The field type determines how Haven OnDemand processes the content, and what you can do with it. For example, the content field is an index field. Index fields have special text processing, where Haven OnDemand stores information about the terms in the field so that you can easily perform a search for a keyword or phrase. Other fields are set up to allow parametric (faceted) search, or to optimize searching for numeric or date values.

If a field does not have a special field type, it is a store only field. Haven OnDemand keeps store only field content, but does not apply any additional processing. This field type is useful for content that you want to have available with a document, but which is not useful for search. For example, some document metadata (such as the content length) and related file information (such as an image URL) is kept in store only fields.

For more information about the available field types, see Index Field Types.

Text Index Flavors

Every text index has a flavor, which you specify when you create it. The flavor of a text index determines a few different properties:

  • Index size. The Explorer flavor has only a small amount of storage, intended for small test set-ups. The Standard flavor is larger.
  • Field configuration. Different flavors have different standard field configuration, which determines what you can index. In addition, some flavors allow you to configure custom fields with a particular field type.
  • Function.

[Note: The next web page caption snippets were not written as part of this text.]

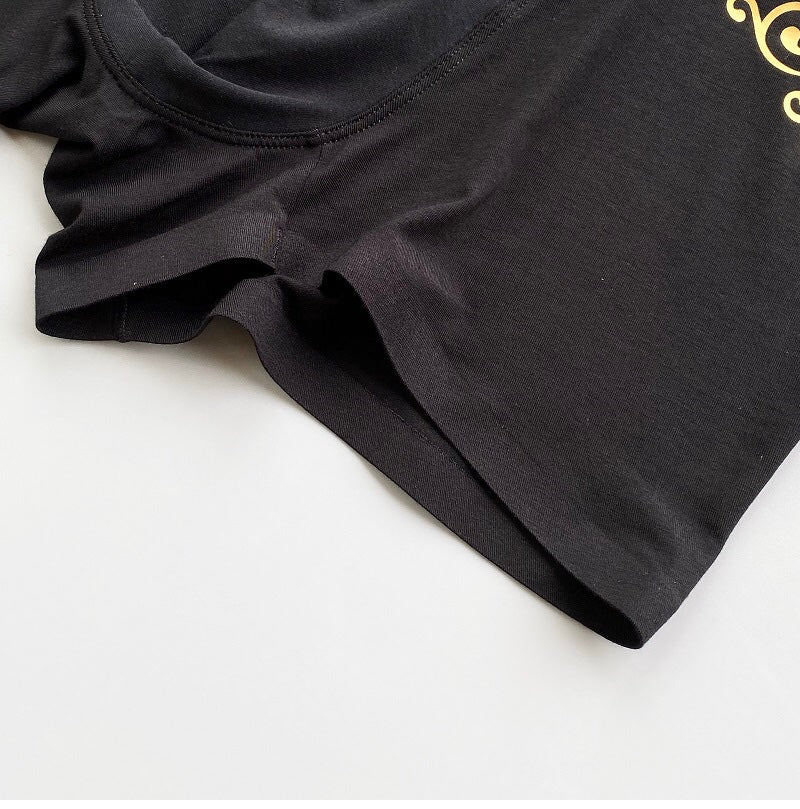 Versace gold scroll motif boxer briefs - view 7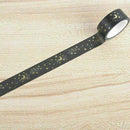 Moon Stars Black Washi Paper Masking Tapes Adhesive Decorative Tape Nice B5 M7W9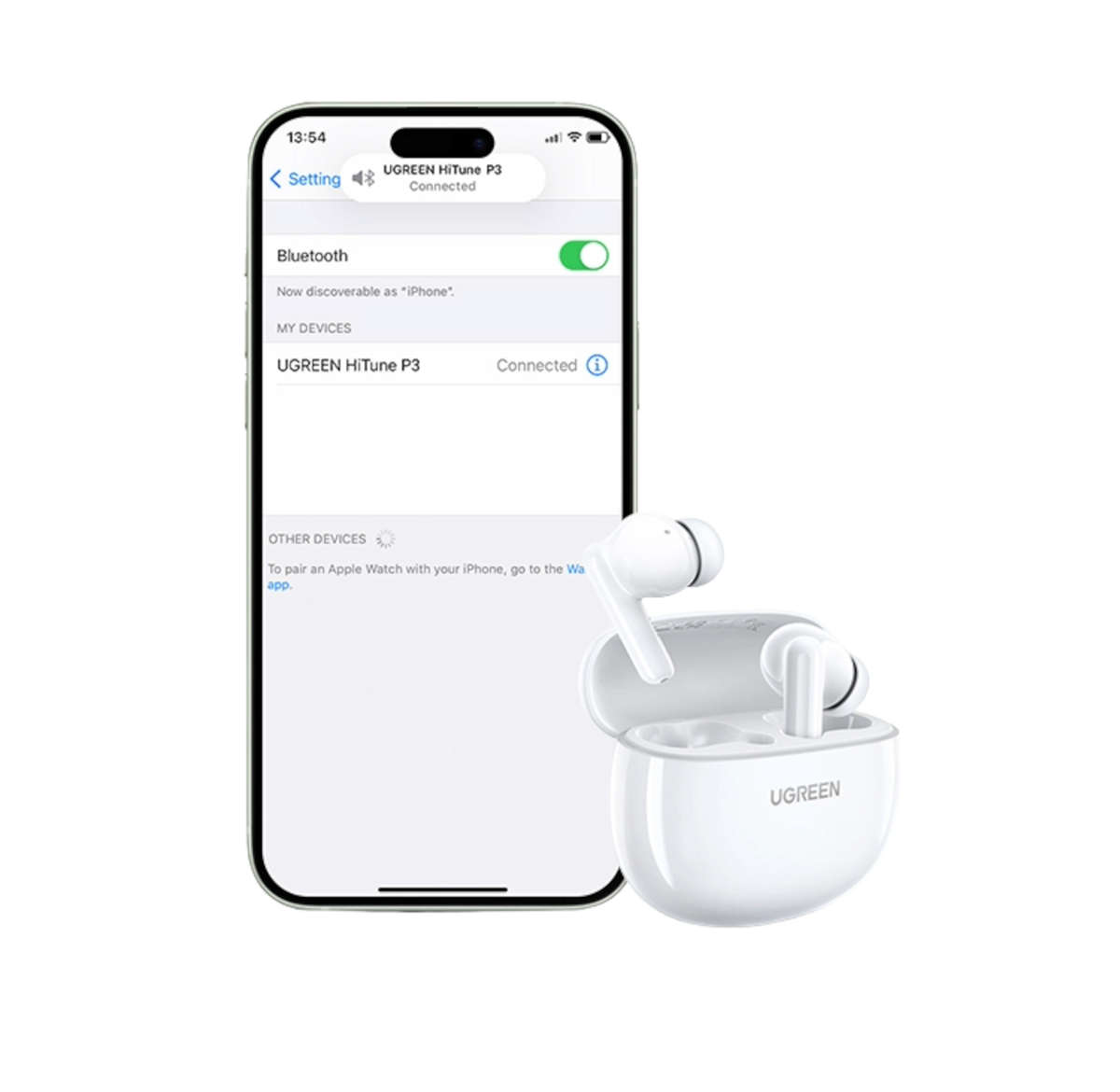 UGREEN HiTune P3 In-Ear Wireless EarbudsWhite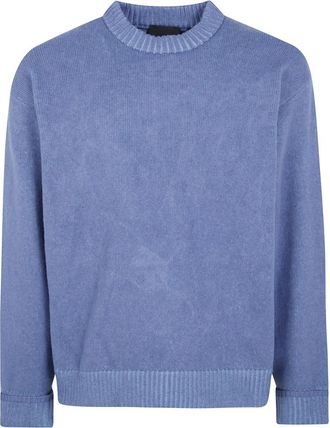 Rains Round-neck Truien - Heren - Ronde hals truien - Blauw - L - Truien & Vesten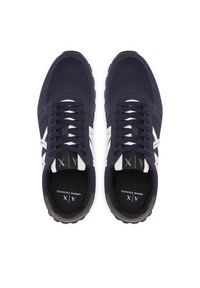 Armani Exchange Sneakersy XUX169 XV660 N151 Granatowy. Kolor: niebieski. Materiał: materiał #8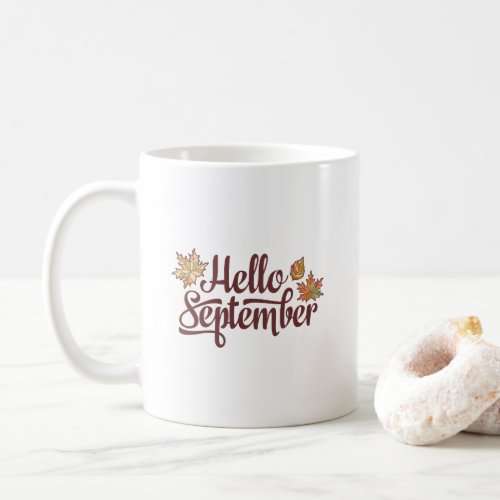 Hello September Fall Coffee Mug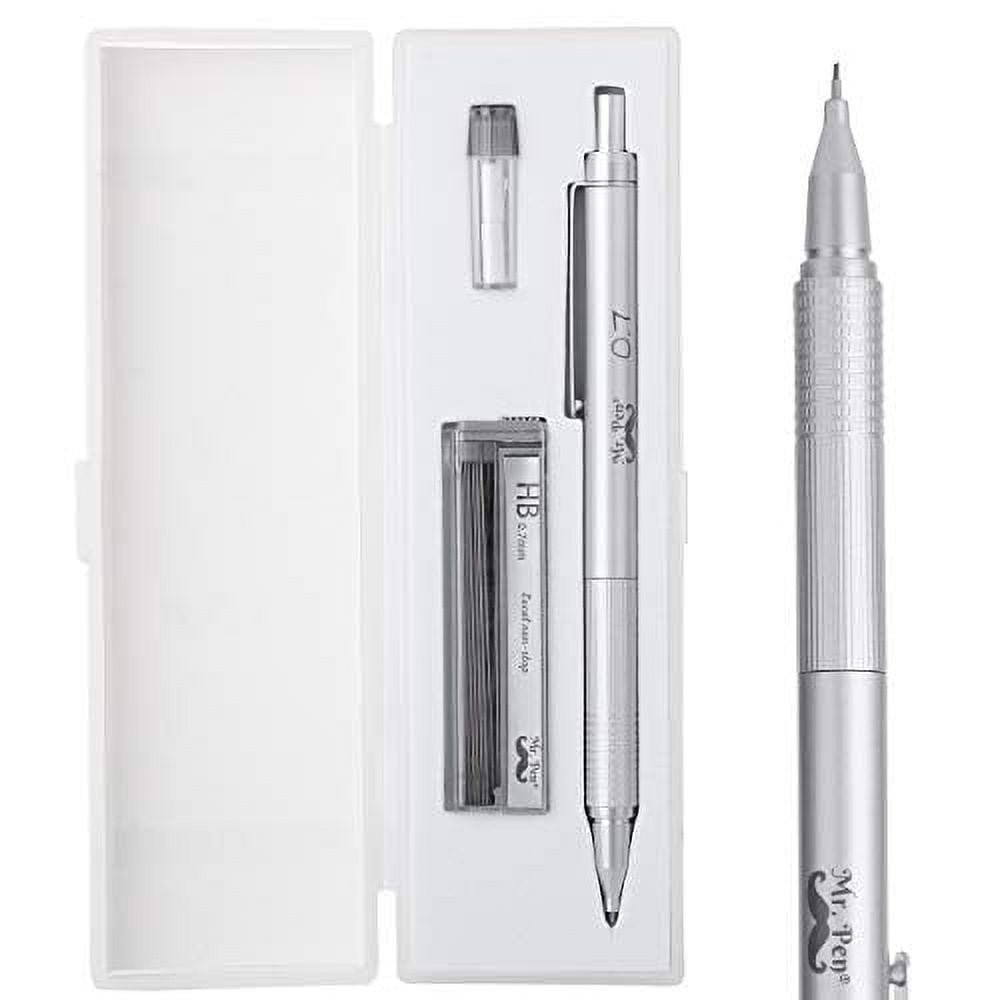 Mr. Pen- Mechanical Pencils 0.7, Metal Mechanical Pencils, Drawing  Mechanical Pencils, Gray Mechanical Pencils for Artists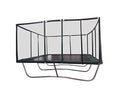 Galactic Xtreme Rectangle Gymnastic Trampoline with Safety Net Black and Green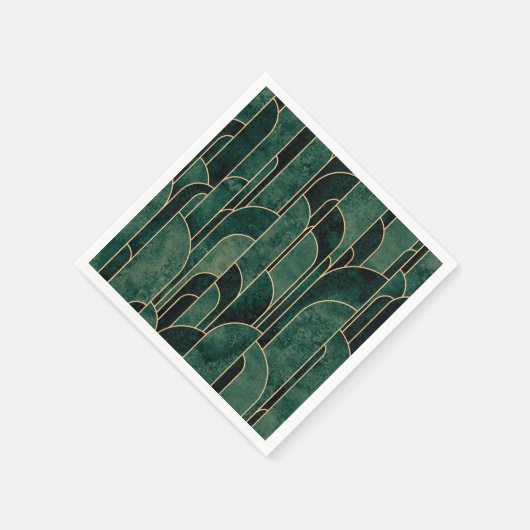 Luxuriöses Design im Art Deco Stil Serviette (Ecke)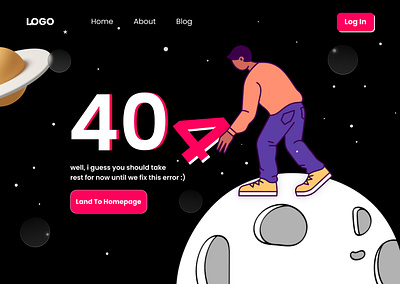 #008 Challenge - 404 Page Design 404 branding dailyui design figma figma design graphic design graphic designer illustration logo ui user experience user interface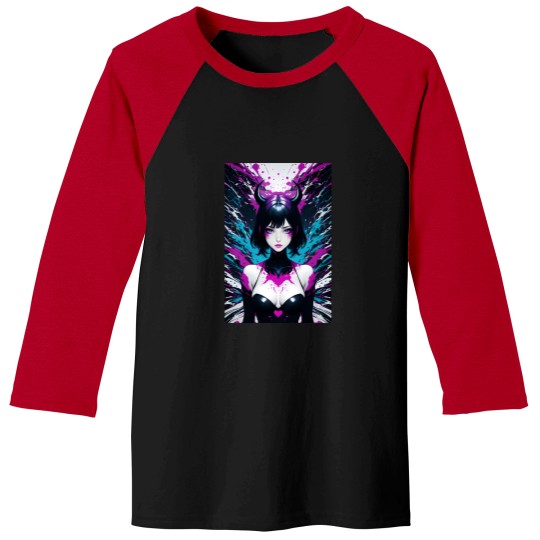 Discover Demon Girl 5658 Baseball Tees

The Explorer and Standard flavors are intended for normal document storage and retrieval, while the Categorization and Query Manipulation flavors are set-up for use with specific API sets.

For more information about the available flavors, see Index Flavors.

The Indexing Process

During the indexing process, Haven OnDemand extracts the text from the index document and processes the fields.

For fields with the index field type, it tokenizes the text into terms, removes stop words (words that are too common to add meaning), and processes information about the terms. For example, it stores the stem (the linguistic root of the word), and information about how many times a particular term occurs in a document. For more information, see Text Tokenization and Processing in Text Indexes.

For fields with special field types, it processes the field appropriately. For example, for numeric type fields it optimizes retrieval by numeric range, and for parametric type fields, it optimizes exact string matching and retrieval.